Bakat Muda Incaran Klub Besar

9-lorenzo

Lorenzo Pellegrini, Roma

Lorenzo Pellegrini mengganggap sangat serius ajang Liga Eropa Junior dari pemain lainnya. Dia lahir di Roma dan bermain untuk klub tercintanya, dan hubungan tersebut cenderung bergerak lebih dalam dan lebih berkomitmen lagi.

Beberapa orang telah membandingkannya dengan Daniele De Rossi, tidak hanya karena hati besarnya dan kebanggaan dalam mengenakan kaos Giallorossi tetapi karena penguasaan yang dia lakukan di lini tengah ketika dia mengendalikan permainan. sbobet casino .
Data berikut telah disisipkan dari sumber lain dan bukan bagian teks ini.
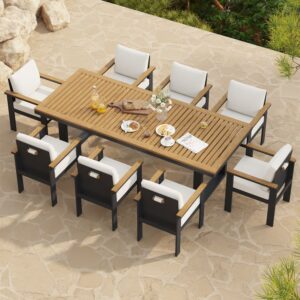 Tevara 9-Piece Rectangle Wood & Aluminum Outdoor Patio Dining Set for 8 Person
Dia mencetak gol untuk memastikan satu tempat di perempat final menghadapi Manchester City dan selalu ada untuk timnya dalam perjalanan ke semi final. Dia sudah membuat debut Serie A, dan manajer tim utama Roma Rudi Garcia adalah seorang penggemarnya.

9-solanke

Dominic Solanke, Chelsea

Jose mourinho sudah mengajak Dominic Solanke untuk berlatih bersama dengan tim utama Chelsea di beberapa kesempatan, dan dia menjelaskan musim panas lalu bahwa jika Solanke (bersama dengan beberapa orang dari akademi) satu hari nanti tidak bermain untuk tim nasional Inggris, maka Mourinho akan menyalahkan dirinya, ungkap Oliver Todd dari Daily mail.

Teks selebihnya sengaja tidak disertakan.